Sevgili dostlar, Hürriyet gazetesinde yazılarını beğenerek takip ettiğim Ayşegül Domaniç Yelçe'nin 4 yıl önce eşini kaybettiğinde yazdığı "Veda" yazısından çok etkilendiğim bir bölümü sizlerle paylaşmak istiyorum.
"Onun yanında büyüdüm… öğrenimimi onun yanında tamamladım. Sonra kaslarım erimeye başladı. Her geçen gün yeni bir kas kaybettim, ama gücümü hiç kaybetmedim. Her durumda yanımda olan harika bir eşe sahiptim çünkü. Günü geldi elim kolum oldu, günü geldi ayaklarım ve bacaklarım. Onun yanında herkes kadar normal bir insandım ben, engelli değil… engelli olmak çok zor, ama inanıyorum ki, bir engellinin eşi olmak çok daha zor. Bir davete giderken eşini yanında götürememek, canı istediğinde onunla yürüyüşe çıkamamak, dans etmeyi çok sevdiği halde artık o dans edemediği için dansı reddetmek ya da her gece ona suyunu ve ilacını verirken kendisi hasta olduğunda bir bardak su bile isteyememek hiç de kolay değil"…
Hem kırk bir yıl bir evliliği sürdürecek, hem de engelli bir eşe el, kol, ayak, bacak ve vücut olacaksınız… ne mutlu böyle bir evlilik, saygı ve sevgiyi koruyana…
Çağımızda bırakın evliliği, ilişkilerde bile, insan – insana, insan- insan için fedakarlık duygusunu yitirmiş. İnsana kendini adamaktan kaçıyor…
İşinde biraz yükselmeyle, maddi rahatlıkla, ilişkilerinde yeni arayışlara giren kişiler lütfen bu yazıdan biraz örnek alsınlar.
Hayatımız boyunca hepimiz birer engelli adayıyız. Bunun için bir trafik kazası ya da merdivenden düşmek bile yeterli. Bunun bilincinde olarak hayatımıza devam etmeliyiz.
"Engellerin en büyüğü beyindeki örümcek ağlarını aşamamanın verdiği engellerdir"… "Hayat müşterek yaşanırsa, sevgiyle, her engel aşılır"…
Rahmetli Özer Yelçe evliliğinde gösterdiği sabrı ve fedakarlığıyla, sevgili yazarımız Ayşegül Domaniç Yelçe' de vücudundaki engellere rağmen hayata tutunuşu ve mücadelesiyle hepimizin örnek alacağı bir insanlık sergilemişler.
Halil Cibran'ın dediği gibi; ‘'Kişinin hayal gücüyle düşlerinin gerçekleşmesi arasındaki mesafe yalnızca onun yoğun isteğiyle aşılabilir'' istemek ve sevgi her şeyin başı bu hayatta…
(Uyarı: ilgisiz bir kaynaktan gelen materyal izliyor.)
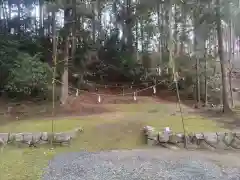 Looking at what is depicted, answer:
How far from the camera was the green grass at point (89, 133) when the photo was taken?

Yeter ki umudumuzu kaybetmeyelim.
10-16 Mayıs Engelliler Haftasının , "engellilere bakış açınızı tekrar, yeniden sorgulamanız için bir fırsat olmasını diliyorum". Artık engellilere acıyarak bakmak yerine onları daha fazla sosyal ve iş hayatına çekebileceğimiz şartları oluşturmamız gerekmektedir. "Unutmayalım ki; fikirlerimizi çabalarımızla birleştirerek " Hayata Dair" bütün engelleri ortadan kaldırabiliriz". . .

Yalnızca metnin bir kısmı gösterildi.